Bruno Vincent / Getty Images

The lack of nuance in her September 8 speech at the Brisbane Writers Festival proves that she mostly doesn’t get it.

In an attempt to advocate for fiction without boundaries, Shriver, best-selling author of We Need to Talk About Kevin and Orange Prize winner, declared the criticism of cultural appropriation “a passing fad” and claimed that “membership of a larger group is not an identity.” Instead of stopping there, she colored her borderline offensive comment with examples: “Being Asian is not an identity. Being gay is not an identity. Being deaf, blind, or wheelchair-bound is not an identity, nor is being economically deprived.”

My question for Shriver is: If these labels are not identities, if being gay or disabled is not a part of who you are, then why are hundreds of people abused, shamed, and killed everyday because of them? Why are these individuals barred from exercising certain rights and privileges, if these traits, as we will call them, are not important parts of the self?

Shriver, who is German-American, also wants us to know that she welcomes others’ adoption of her heritage.
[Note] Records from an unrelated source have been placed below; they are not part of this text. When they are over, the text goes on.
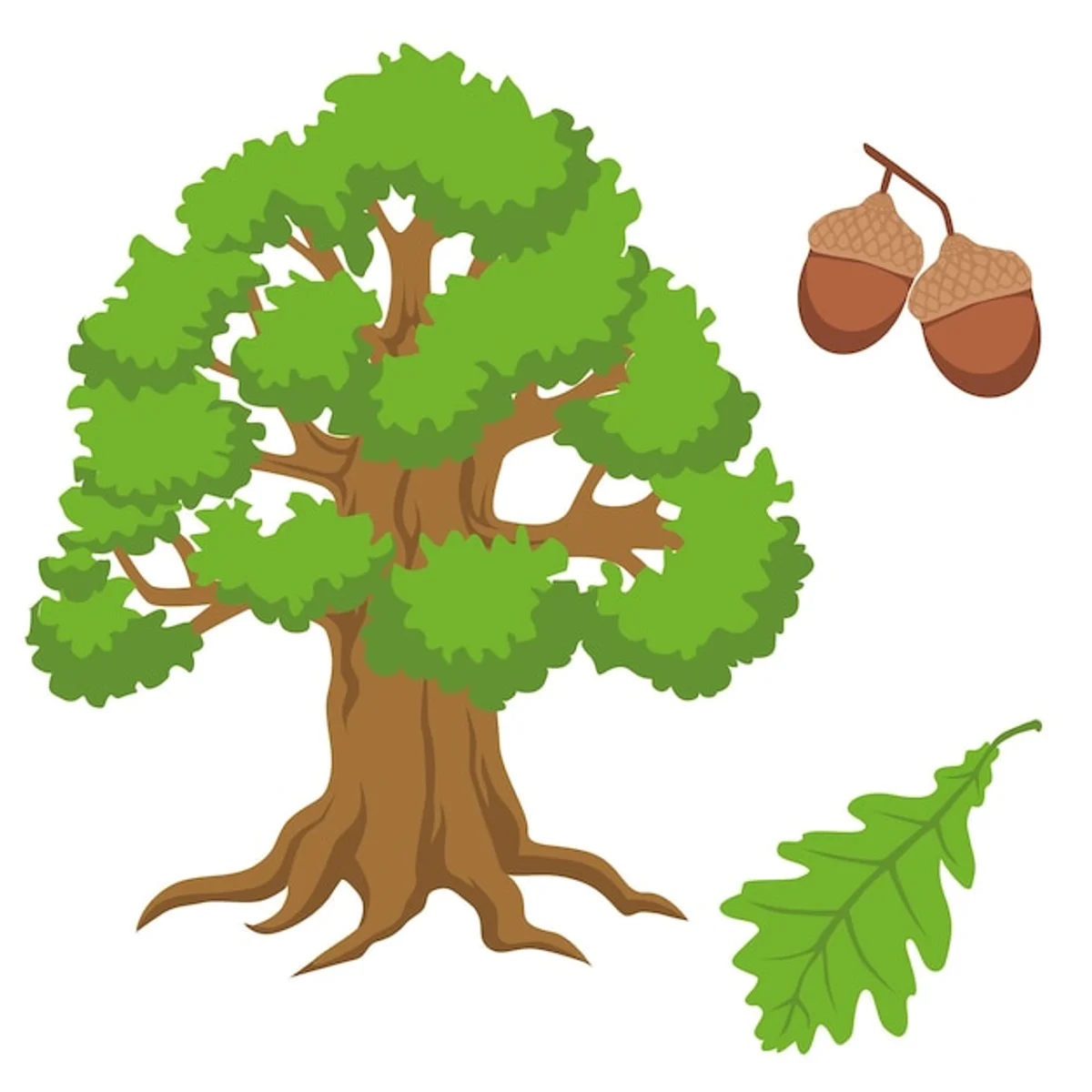 close up acorn sprouting roots white background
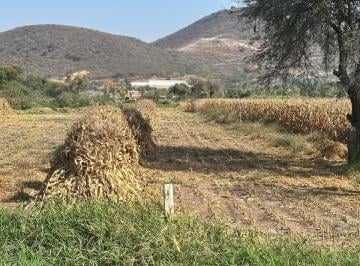 Terreno / Lote · 8750m² · Se Vende Terreno Ejidal en El Camino a San Miguel Cuyutlan - San Juan Evangelista Jalisco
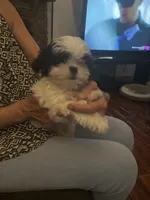Oreo, a male Shih Tzu for sale in New Caney, TX – 5 of 6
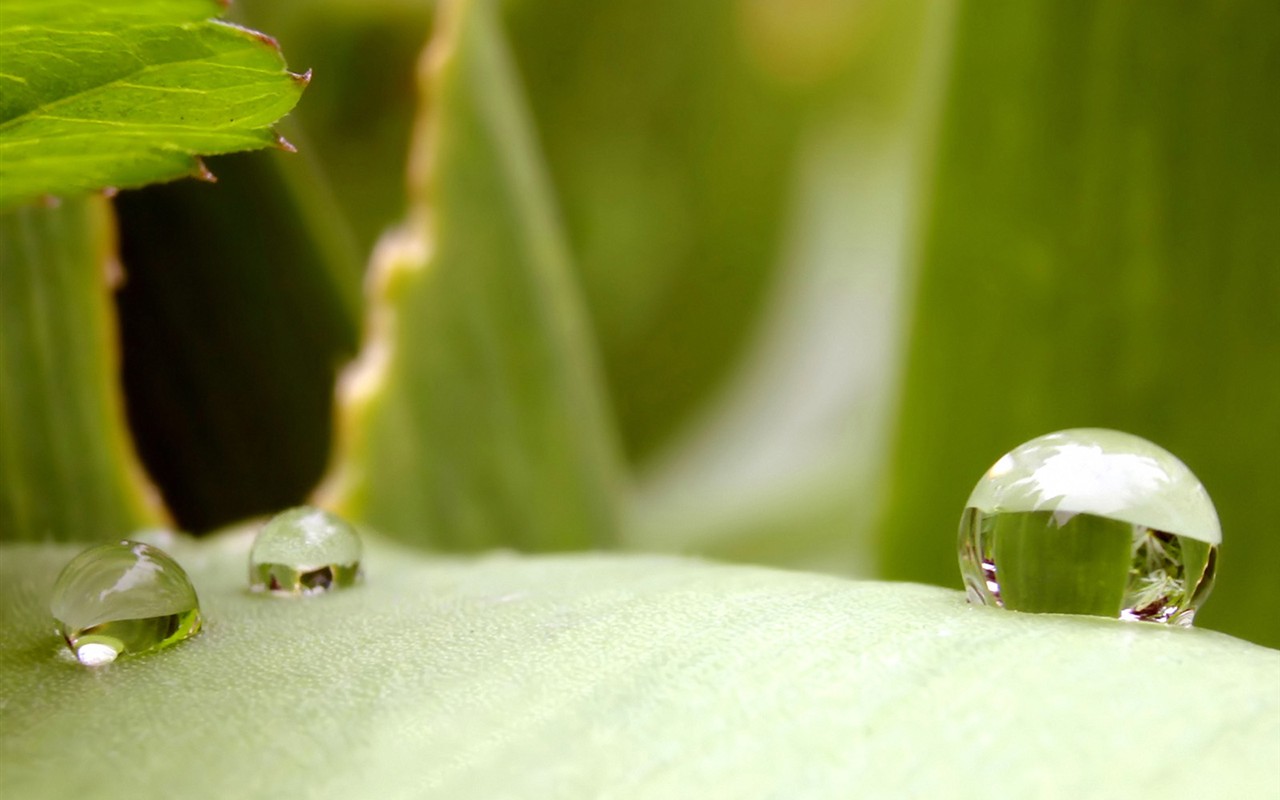 Vista 植物壁紙(二) #4 - 1280x800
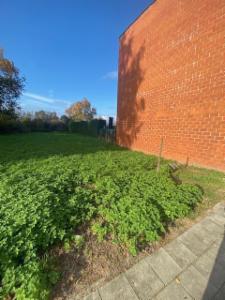 Première photo alternative du bien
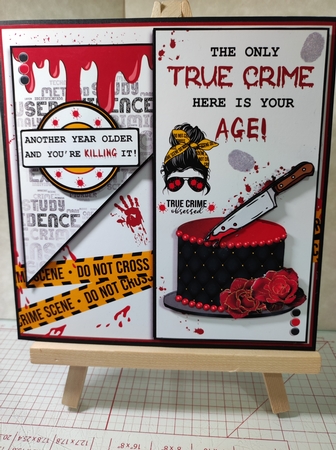 The True Crime Fanatic  by marie nowell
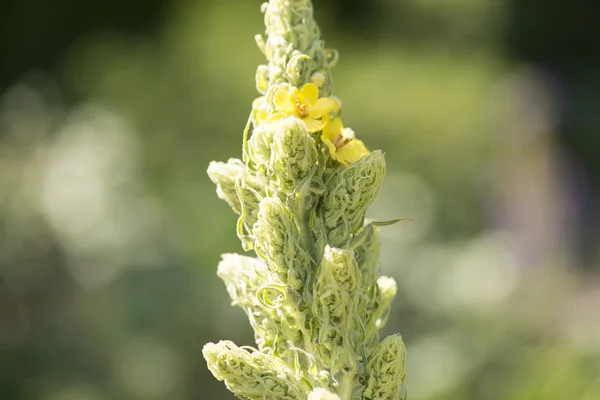 Mullein plant close up — Stock Photo, Image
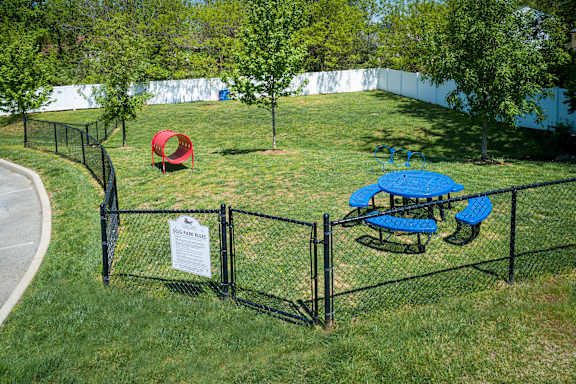 Dogpark with a blue table and a red object.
She is “more than happy for anyone ... to don a Tyrolean hat, pull on some leiderhosen, pour themselves a weisbier, and belt out the Hoffbrauhaus Song.”

What Shriver seems to miss about cultural appropriation is its inextricable link to power. This example proves the necessity of cultural appropriation studies in the first place. A Mexican in a Tyrolean hat is not the same as a group of college kids partying in sombreros. Cultural appropriation is when the wearing of a hat makes one group the butt of jokes and another “cultured.”